Pattern Extraction Skill
When to Use This Skill
Use pattern extraction when you need to:
- Analyze existing infrastructure to create reusable templates
- Convert hardcoded values into configurable template variables
- Identify configuration patterns across multiple similar files
- Detect technology stacks and their conventions
- Extract naming conventions and structural patterns
- Generate template metadata from existing code
- Create variable schemas from inferred types and constraints
Perfect for:
- Converting existing IaC to templates
- Building template libraries from production code
- Standardizing infrastructure patterns
- Automating template generation
- Identifying refactoring opportunities
Core Capabilities
1. Technology Stack Detection
Automatically identify:
- IaC Frameworks: Terraform, Pulumi, CloudFormation, ARM, Bicep
- Cloud Providers: AWS, Azure, GCP, multi-cloud patterns
- Service Types: Kubernetes, Docker, serverless, containers
- Configuration Formats: YAML, JSON, HCL, TOML
- Build Systems: Helm, Kustomize, Jsonnet
- CI/CD Platforms: GitHub Actions, GitLab CI, Jenkins, Harness
2. Configuration Pattern Extraction
Extract patterns from:
- Resource definitions and relationships
- Environment-specific configurations
- Naming conventions and tagging strategies
- Security policies and compliance rules
- Network topologies and architectures
- Deployment strategies and workflows
3. Variable Identification
Intelligent detection of:
- Hardcoded Values: Strings, numbers, booleans that should be variables
- Repeated Values: Values appearing multiple times across files
- Environment Indicators: dev, staging, prod patterns
- Naming Patterns: Prefixes, suffixes, delimiters
- Secret Patterns: API keys, passwords, tokens (flag for security)
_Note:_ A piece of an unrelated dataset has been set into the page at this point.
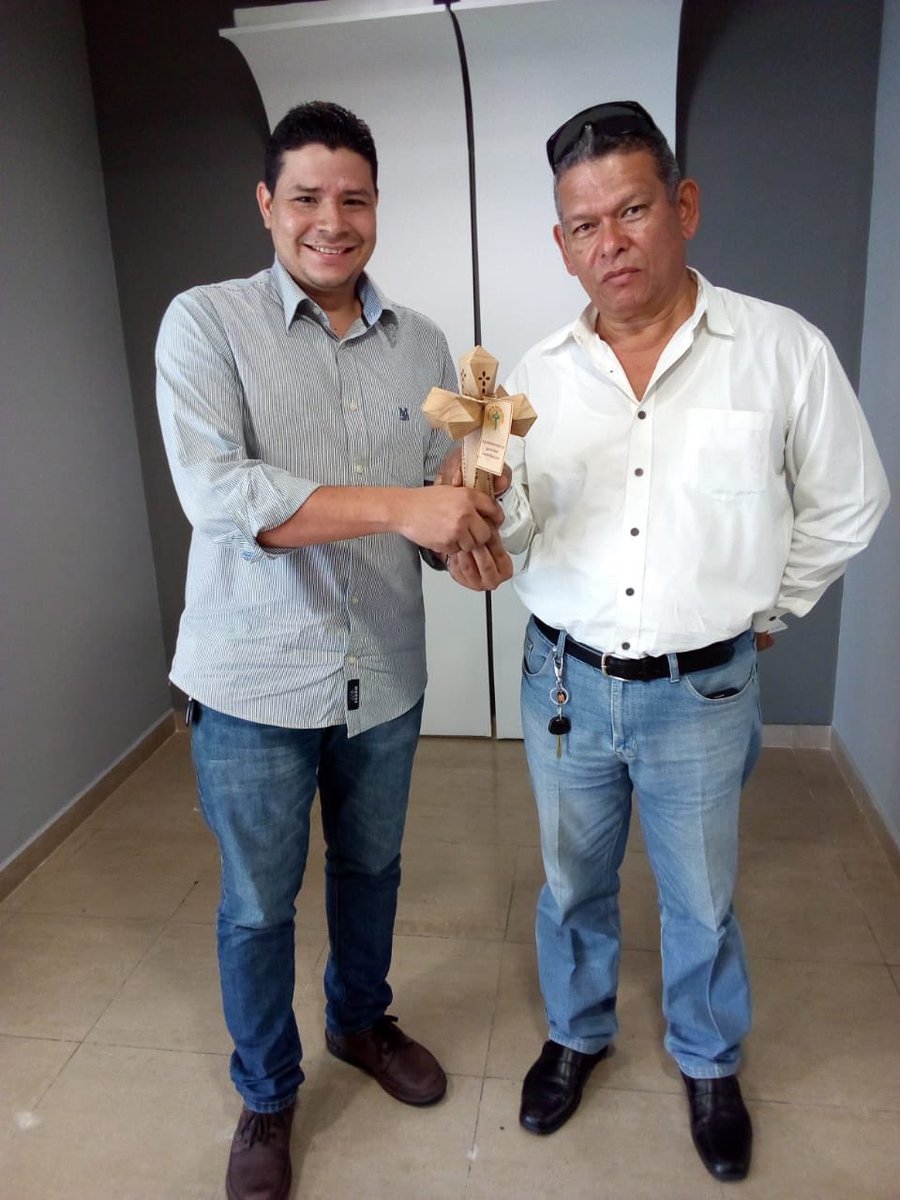 Adquiere tu también tu Cruz y apoya nuestra cruzada en pro de la juventud en riesgo social y la búsqueda de oportunidades para aquellos que pasaron por la cárcel y quieren una oportunidad.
- Configuration Schemas: Type inference from usage
4. Structure Analysis
Analyze:
- File organization and directory structure
- Module boundaries and dependencies
- Resource hierarchies and relationships
- Configuration inheritance patterns
- Composition and reuse strategies
- Template inclusion patterns
Pattern Detection Matrix
| Pattern Type | Indicators | Extraction Method | Output Format |
|---|---|---|---|
| Environment Values | dev, staging, prod in names |
Context-aware regex | {{ environment }} |
| Resource Names | Repeated prefixes/suffixes | Token analysis | {{ project_name }}-{{ resource_type }} |
| Region/Location | us-east-1, westeurope |
Cloud provider patterns | {{ region }} |
| Version Numbers | Semantic versioning patterns | Regex + validation | {{ version }} |
| Port Numbers | Common service ports | Port range analysis | {{ port }} |
| Size/Scale | Instance types, node counts | Capacity patterns | {{ instance_size }} |
| CIDR Blocks | IP address ranges | Network pattern analysis | {{ cidr_block }} |
| Tags/Labels | Key-value metadata | Metadata extraction | {{ tags }} |
| Secret References | Vault paths, secret names | Secret pattern detection | {{ secret_ref }} (secure) |
| Feature Flags | Boolean toggles | Conditional analysis | {{ enable_feature }} |
Variable Inference Rules
Before/After Transformation Examples
Example 1: Resource Names
Before:
resource "aws_instance" "web_server" {
ami = "ami-0c55b159cbfafe1f0"
instance_type = "t3.medium"
tags = {
Name = "myapp-web-server-prod"
Environment = "production"
Project = "myapp"
}
}
After:
resource "aws_instance" "web_server" {
ami = "{{ ami_id }}"
instance_type = "{{ instance_type }}"
tags = {
Name = "{{ project_name }}-web-server-{{ environment }}"
Environment = "{{ environment }}"
Project = "{{ project_name }}"
}
}
Extracted Variables:
variables:
ami_id:
type: string
description: "AMI ID for the EC2 instance"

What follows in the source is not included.